If -OPT:cray_ivdep=TRUE is specified, ivdep instructs the compiler to use Cray semantics and break all backward dependences:

ivdep breaks the dependence but the compiler warns the user that it is breaking an obvious dependence:
#pragma ivdep for (i = 0; i < n; i++) { a[i] = a[i - 1] + 3.0; }
ivdep does not break the dependence, because the it is from the load to the store, and the load comes lexically before the store:
#pragma ivdep for (i = 0; i < n; i++) { a[i] = a[i + 1] + 3.0; }

To break all dependences, specify the following: -OPT:liberal_ivdep=TRUE.

`#pragma prefetch`

The #pragma prefetch directive specifies prefetching for each level of the cache.

The syntax of the #pragma prefetch directive is as follows:

#pragma prefetch [n1, n2]

n1 controls the level 1 cache; n2 controls level 2. n1 and n2 can have the following values:

0: prefetching is off (default for all processors except R10000)
1: prefetching is on but conservative (default at -03 when prefetch is on)
2: prefetching on and aggressive

The scope of this directive is the entire function that contains it.

`#pragma prefetch_manual`

The #pragma prefetch_manual directive instructs the compiler as to whether manual prefetches (through #pragma directives) should be respected or ignored.

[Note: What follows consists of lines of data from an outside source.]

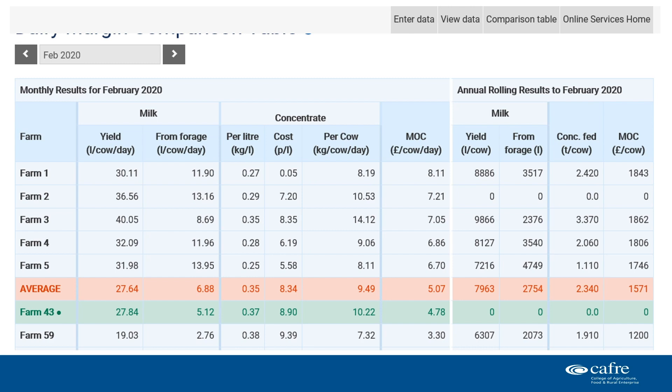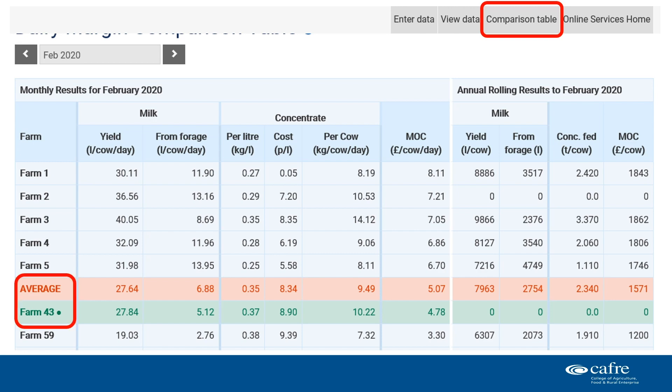When 12 months of data has been entered, a set of annual rolling figures will be available. There is also the option at the top of the screen to view a comparison table. This table includes every individual business anonymously that has submitted information. You will be able to view the top and bottom five farms along with the average. Your farm will be highlighted and the ranking within the table will also be given. This allows you to compare with others, and if you are part of a business development group, your advisor will be able to compare your BDG group separately.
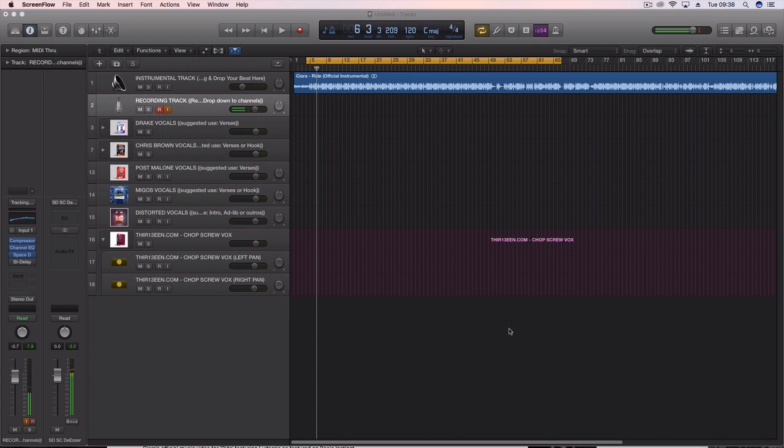So guys, today I'm going to show you how to get the pitch vocal effect, you know the pitch down, the kind of deep chopped and screwed vocal effect that you hear on some songs in hip hop, trap and stuff like that, even a lot of pop songs now.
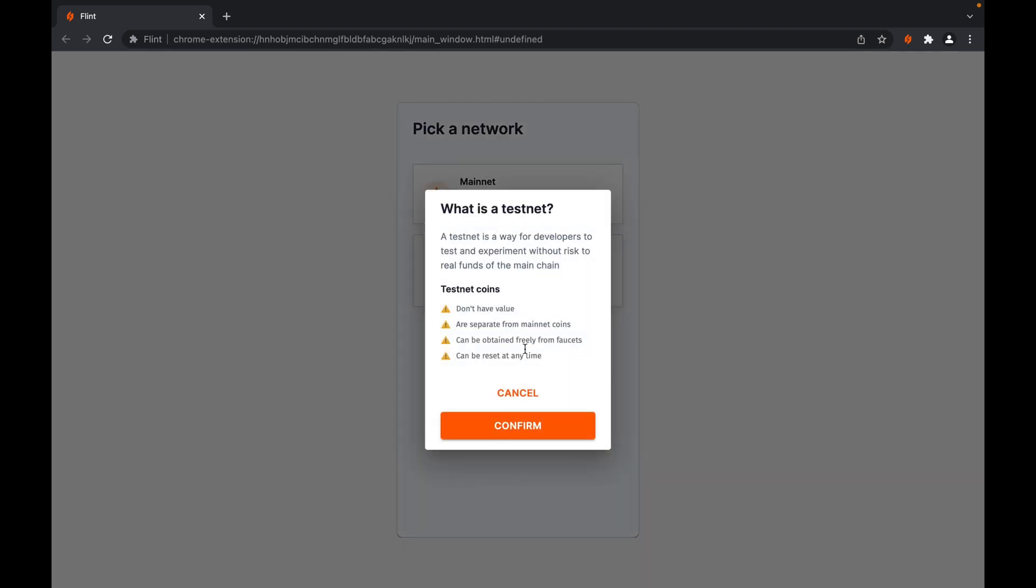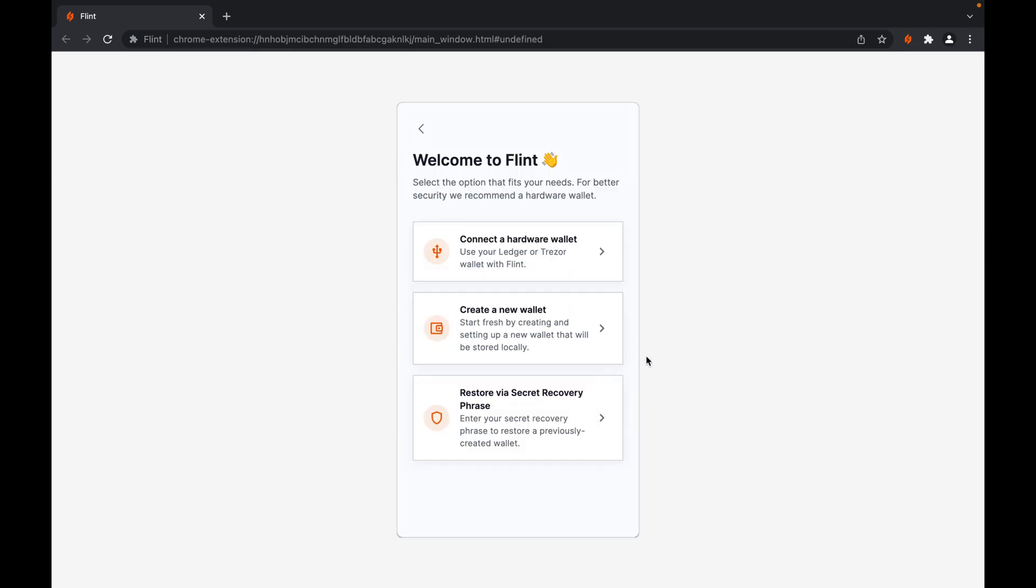You're presented with some information to better explain how the testnet works, and you click confirm once you've understood.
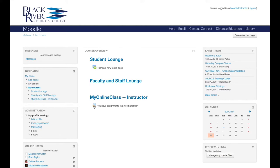The My Home page is completely customizable, and you can move and rearrange items as you see fit. As you are enrolled in more and more classes, you will likely want to move commonly accessed classes, such as the classes you are teaching in the current semester, to the top. To do this, click the Customize This Page button in the top right.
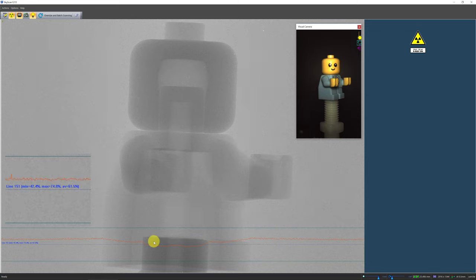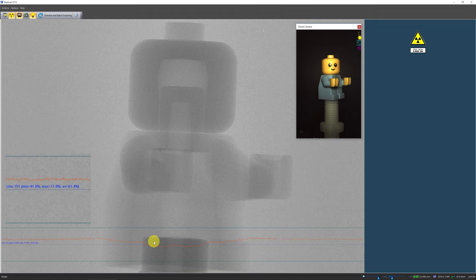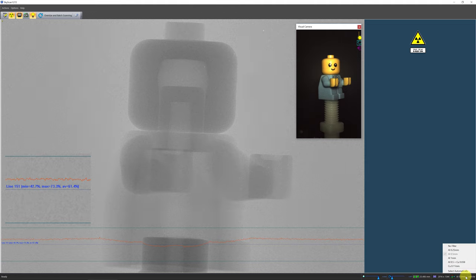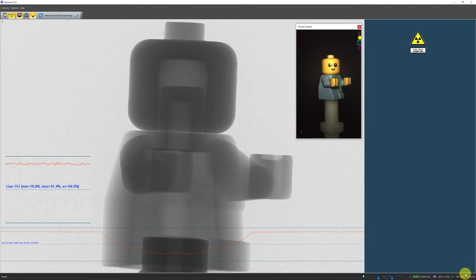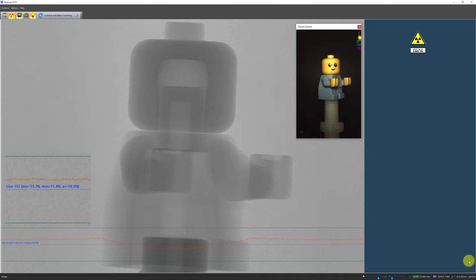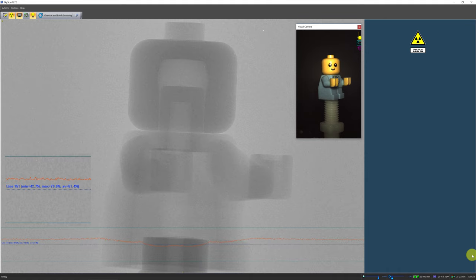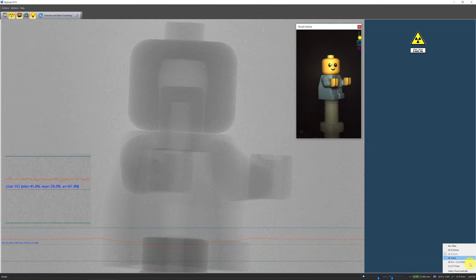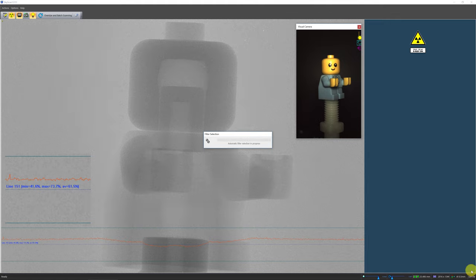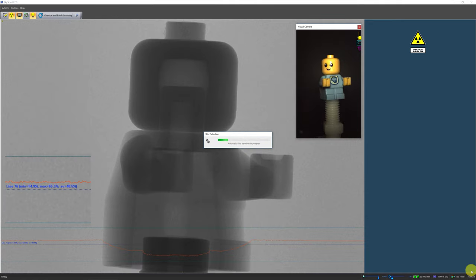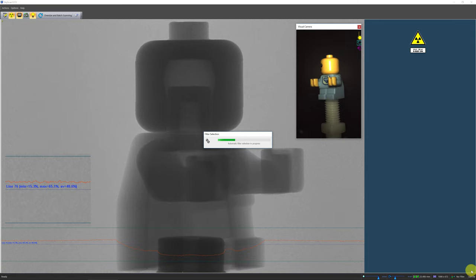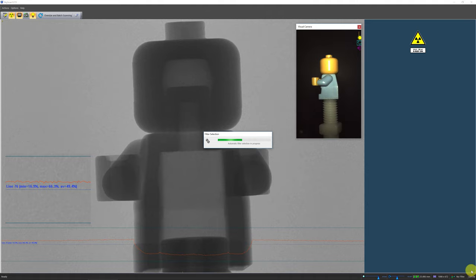If possible, aim for 30% minimum transmission while setting up your sample. The Skyscan 1272 includes a six-position automatic filter changer, where you can see the filter options in the status bar. The peak x-ray energy outputs have been optimized for each filter option. You can select the filter manually in the status bar to inspect the transmission profile, or you can use the 'select automatically' function in the filter selection column. This function will select the filter for you based on your sample's x-ray transmission profile, aiming for a minimum transmission between 10 and 50%.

The syntax of the #pragma prefetch_manual directive is as follows:

#pragma prefetch_manual[n]

n can have a value of 0 (the compiler ignores manual prefetches; this is the default for all processors except R10000) or 1 (the compiler respects manual prefetches; default at -03 for R10000 and beyond).

The scope of this directive is the entire function that contains it.

`#pragma prefetch_ref`

The #pragma prefetch_ref directive generates a prefetch and connects it to the specified reference (if possible).

The syntax of the #pragma prefetch_ref directive is as follows:

pragma prefetch_ref = ref [, stride = num1 [, num2]] 
[, level = [lev1][, lev2]] 
[, kind = {rd|wr}] 
[, size = sz]

ref is the object you want prefetched.

Table 8-2 describes each of the possible #pragma prefetch_ref clauses. These clauses are optional.

Table 8-2. Clauses for #pragma prefetch_ref

Clause	Effect	Default Value
`stride`	Prefetches every num iteration(s) of this loop.	1
`level`	Specifies the level in memory hierarchy to prefetch. The possible values for `level` are 1: prefetch from L2 to L1 cache 2: prefetch from memory to L1 cache	2
`kind`	Specifies read or write.	write
`size`	Specifies the size (in KB) of the object referenced in this loop. Must be a constant.	N/A

The #pragma prefetch_ref directive instructs the compiler to take the following actions:

Generate a prefetch and connect to the specified object (if possible).
Search for references in the current loop-nest that match the supplied object.
- If such a reference is found, then the prefetch for that object is scheduled relative to the prefetch node, based on the miss latency for the specified level of the cache.
- If no such reference is found, the prefetch is generated at the start of the loop body.
Ignore all references by the automatic prefetcher (if enabled) to this variable in this loop-nest.
Have the automatic prefetcher (if enabled) use the supplied size (if specified) in its volume analysis for this object.

This directive has no scope; it just generates a prefetch.

`#pragma prefetch_ref_disable`

The #pragma prefetch_ref_disable directive explicitly disables prefetching for the specified reference (in the current loop nest).

The syntax of the #pragma prefetch_ref_disable directive is as follows:

#pragma prefetch_ref_disable = ref [, size = num]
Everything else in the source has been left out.